Bloom Color: Red. Main Bloom Time: Early spring, Late spring, Mid spring. Form: Pyramidal, Rounded.


Physical Characteristics

 icon of manicon of lolypop
Platanus occidentalis is a deciduous Tree growing to 30 m (98ft) by 30 m (98ft) at a fast rate.
It is hardy to zone (UK) 5. It is in flower in May, and the seeds ripen from October to March. The species is monoecious (individual flowers are either male or female, but both sexes can be found on the same plant).
Suitable for: light (sandy), medium (loamy) and heavy (clay) soils. Suitable pH: acid, neutral and basic (alkaline) soils. It cannot grow in the shade. It prefers moist or wet soil and can tolerate drought. The plant can tolerates strong winds but not maritime exposure.
It can tolerate atmospheric pollution.

Synonyms

P. hispanica. Hort (pro parte). P. macrophylla. Hort. (pro parte). P. vulgaris angulosa.

Habitats

Woodland Garden Canopy; Bog Garden;

Edible Uses

Edible Parts: Sap.
Edible Uses: Sweetener.

The sweet sap is tapped in the spring and used in the preparation of syrup and sugar[105, 177, 183].

Medicinal Uses



Plants For A Future can not take any responsibility for any adverse effects from the use of plants. Always seek advice from a professional before using a plant medicinally.

Antirheumatic;  Astringent;  Diuretic;  Emetic;  Laxative;  Poultice;  Salve.

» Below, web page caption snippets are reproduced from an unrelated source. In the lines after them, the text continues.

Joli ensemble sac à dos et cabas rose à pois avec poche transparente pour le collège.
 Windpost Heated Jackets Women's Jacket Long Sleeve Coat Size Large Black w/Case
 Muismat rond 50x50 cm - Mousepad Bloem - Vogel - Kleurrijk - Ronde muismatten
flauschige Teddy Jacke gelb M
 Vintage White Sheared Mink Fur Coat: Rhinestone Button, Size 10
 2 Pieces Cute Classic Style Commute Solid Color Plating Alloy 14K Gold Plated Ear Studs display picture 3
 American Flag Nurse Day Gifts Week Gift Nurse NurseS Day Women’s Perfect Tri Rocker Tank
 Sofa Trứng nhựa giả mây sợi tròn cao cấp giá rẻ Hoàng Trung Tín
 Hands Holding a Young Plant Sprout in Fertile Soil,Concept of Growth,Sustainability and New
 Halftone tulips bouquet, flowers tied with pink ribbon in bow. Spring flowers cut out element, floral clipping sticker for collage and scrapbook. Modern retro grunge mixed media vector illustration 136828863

The inner bark is astringent, diuretic, emetic and laxative[222]. It has been used as a tea in the treatment of dysentery, coughs, colds, lung ailments, haemorrhages, measles, milky and difficult urination etc and also as a blood tonic[222, 257]. Externally, it has been used as a wash on wounds[257]. An infusion of the bark and roots has been used as a foot soak for treating rheumatism[257]. The bark ooze has been used as a wash on infected sores and an infusion has been given in the treatment of infant rash[257]. An infusion of the bark, mixed with honey locust bark (Gleditsia triacanthos), has been used as a gargle to treat hoarseness and sore throat[257].

Other Uses

Shelterbelt;  Wood.

A fairly wind resistant tree, it can be grown as part of a shelterbelt planting[200]. Wood - coarse-grained, tough, strong, very durable, difficult to split[46, 61, 171]. Rather weak according to other reports[227, 229]. It weighs 35lb per cubic foot[235], and is used for furniture, chopping boards etc[46, 61, 171, 229]. Trunks of wild trees can be up to 4.5 metres in diameter and these were at one time hollowed out to make barges capable of carrying several tons of goods[226].

Cultivation details

Landscape Uses:Aggressive surface roots possible, Pollard, Seashore, Specimen, Street tree. Prefers a deep moist loam[1], though it tolerates very wet, poorly drained soils[229]. Requires full sun[200]. Tolerates atmospheric pollution and compacted soils[200]. Established plants are drought tolerant[200]. Fairly wind-resistant[200]. A fast-growing and long-lived tree[200, 229], but it is of no value in Britain, being very susceptible to attack by parasitic fungi[11]. Fairly slow-growing according to another report, which also says that the tree is long-lived in the wild[227]. This species does not do well north of Central France, it requires long hot summers to fully ripen its wood[200]. Special Features:Attracts birds, North American native, Inconspicuous flowers or blooms.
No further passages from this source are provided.